Много за эти сорок лет видел мужик всякой всячины: и боялся-то, и переставал бояться, и принимался плясать «на радостях», и антихриста начинал ожидать со страху; слышал и то, и другое, и верил всему; a потом ничему не верил, или оказывалось совсем не так, как думалось, как верилось и должно бы быть. Но какая-то едва приметная струя правды, чего-то такого, про что нельзя не сказать: «верно!», была в том сумбуре, показывалась кое-где, через пятое в десятое.
Да!.. Как ни нелепо, как ни сумбурно предъявил в народной массе «сердечный» человек шестидесятых годов свое стремление «к народу» и «в народ», в каком бы ни с чем несообразном виде ни появлялся он в народной массе с своими сердечными излияниями, планами, советами, – все-таки он «был» тут, был в деревне, бормотал «свое» наряду с тем, что бормотали, советовали, сулили, предсказывали все другие, и это бормотанье не могло пройти бесследно; оно оставило в воспоминаниях сорокалетнего деревенского жителя какой-то, хотя и слабый, едва ощущаемый звук, но звук правдивого слова,чего-то подлинного, справедливого.

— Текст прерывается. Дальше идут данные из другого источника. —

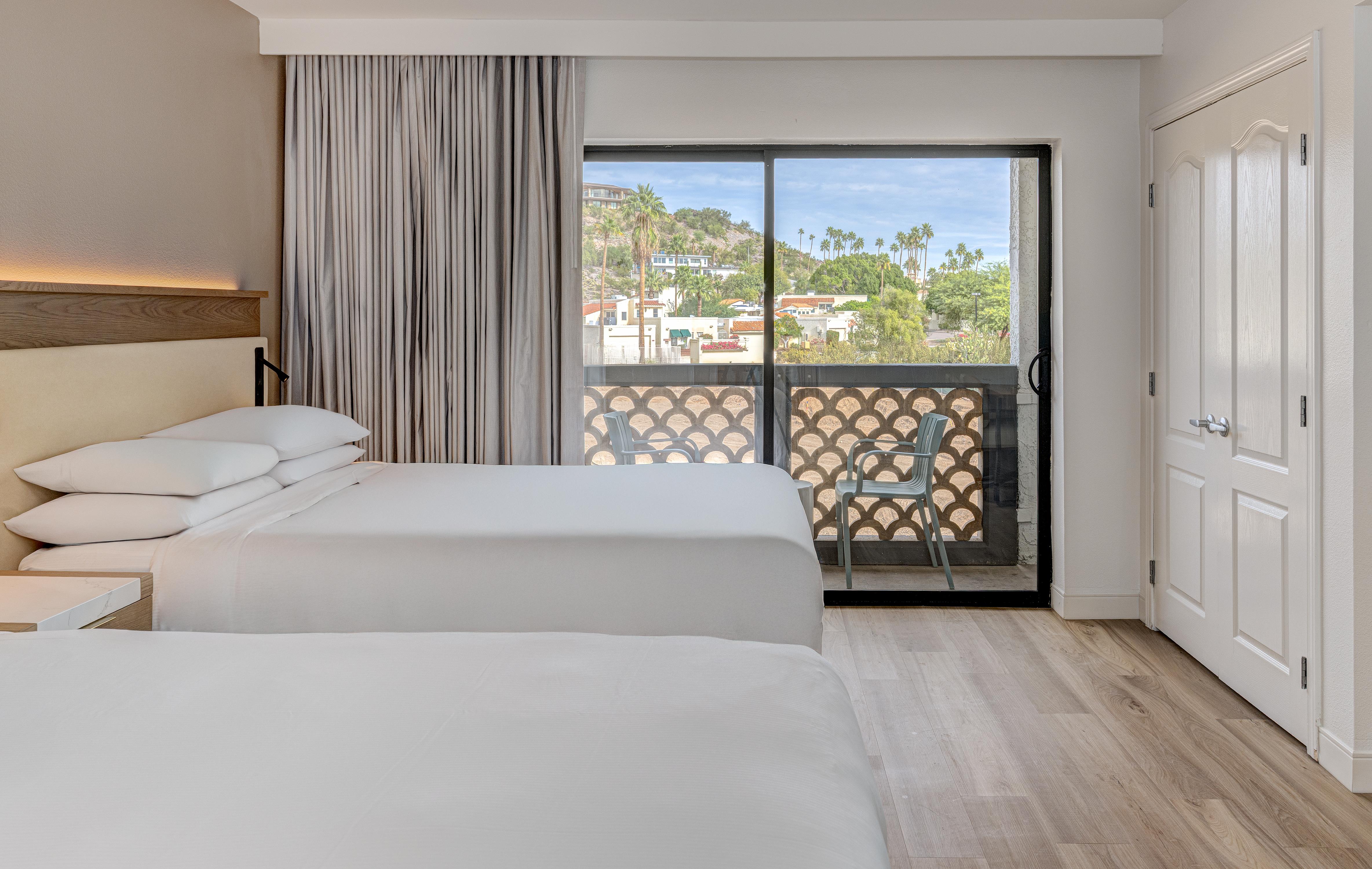 Suite Two Queen Beds One Bedroom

– Кабы ежели бы «в те поры» послухали бы Михал Михалыча да укупили бы его землю-то обчеством, так оно бы, пожалуй что, и не того…
Натворив на мирском сходе или в волостном суде пропасть всякой неправды и возвращаясь под хмельком домой, сорокалетний деревенский современник не может не раздумывать об этой неправде и всегда либо про себя, либо вслух непременно вспоминает что-нибудь из «той поры».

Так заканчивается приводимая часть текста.